• **Task directions**: For the listing that follows, give again exactly the lines from the one with "Imutest Alergia panel" to the one with "Chelsea #19 Diego", including both.

• **Input data**:

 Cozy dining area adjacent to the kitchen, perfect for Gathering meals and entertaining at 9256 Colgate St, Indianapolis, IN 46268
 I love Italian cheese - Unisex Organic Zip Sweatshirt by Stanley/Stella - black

==

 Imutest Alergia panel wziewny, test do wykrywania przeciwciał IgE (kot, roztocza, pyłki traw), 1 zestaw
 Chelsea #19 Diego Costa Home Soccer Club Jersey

• **Response**:
 Imutest Alergia panel wziewny, test do wykrywania przeciwciał IgE (kot, roztocza, pyłki traw), 1 zestaw
 Chelsea #19 Diego Costa Home Soccer Club Jersey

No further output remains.